The ground forces are losing more than 100,000 troopers. The air and naval forces are not making such drastic cutbacks, but they are cutting back just the same, as this article in the San Diego Union Tribune notes: “The Navy is cutting nearly 3,000 mid-career troops in a first-of-its-kind layoff this year, made necessary by record-high re-enlistment.” In other words, petty officers who had been looking forward to a 20+-year career, as is standard, are now being sent to the unemployment line after only 10 or so years of service–this at a time of high unemployment. As the article notes, this is part of an ongoing reduction of the Navy’s ranks. In 2006, it had 359,373 personnel; today it has 325,700; by 2014 it is due to be down to 320,000.
This personnel downsizing has been accompanied by a downsizing in the fleet. The Navy today is down to 282 ships, the lowest level since before World War II, and is likely to wind up during this decade with just 246 ships. As retired Marine Lt. Gen. Chip Gregson notes, “This is important because no matter how capable the ship, it can only be in one place at a time. And power projection that stays is about ships.”
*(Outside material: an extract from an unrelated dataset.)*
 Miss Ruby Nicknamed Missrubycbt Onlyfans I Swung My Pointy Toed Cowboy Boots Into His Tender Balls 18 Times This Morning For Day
Meanwhile, as Richard Cleary and Tom Donnelly note, the new defense budget is also reducing our acquisition of the F-35 Lightning, the essential fifth-generation fighter we need to keep up with China: “The Obama Pentagon has reduced the 2013 purchase of Lightnings from 42 to 29 and reduced the planned five-year buy by more than 100 aircraft.”
Pacific pivot? Hardly. More like an across-the-board disarmament that is proceeding at varied rates in different services and different parts of the world.